▶ Brief
Look in the data below for the line that has "WV license plate ODN418", then print exactly every line from there through the line that has "Chair Covers Sofa", leaving pictures out.

▶ Data shown

------------

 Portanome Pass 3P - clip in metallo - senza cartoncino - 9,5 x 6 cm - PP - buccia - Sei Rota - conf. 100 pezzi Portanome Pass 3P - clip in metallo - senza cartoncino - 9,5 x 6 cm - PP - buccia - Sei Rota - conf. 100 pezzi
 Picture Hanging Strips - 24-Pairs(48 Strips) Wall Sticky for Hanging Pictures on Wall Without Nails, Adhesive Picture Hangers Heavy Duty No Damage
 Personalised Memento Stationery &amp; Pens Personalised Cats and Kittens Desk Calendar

------------

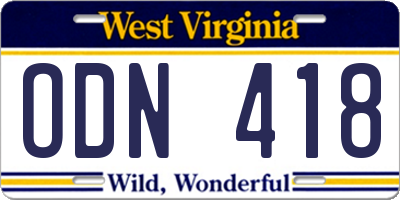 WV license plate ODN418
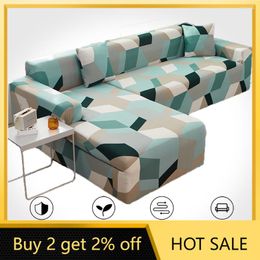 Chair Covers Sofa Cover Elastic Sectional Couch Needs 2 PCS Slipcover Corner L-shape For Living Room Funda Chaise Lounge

------------

▶ Result for this exercise
 WV license plate ODN418
 Chair Covers Sofa Cover Elastic Sectional Couch Needs 2 PCS Slipcover Corner L-shape For Living Room Funda Chaise Lounge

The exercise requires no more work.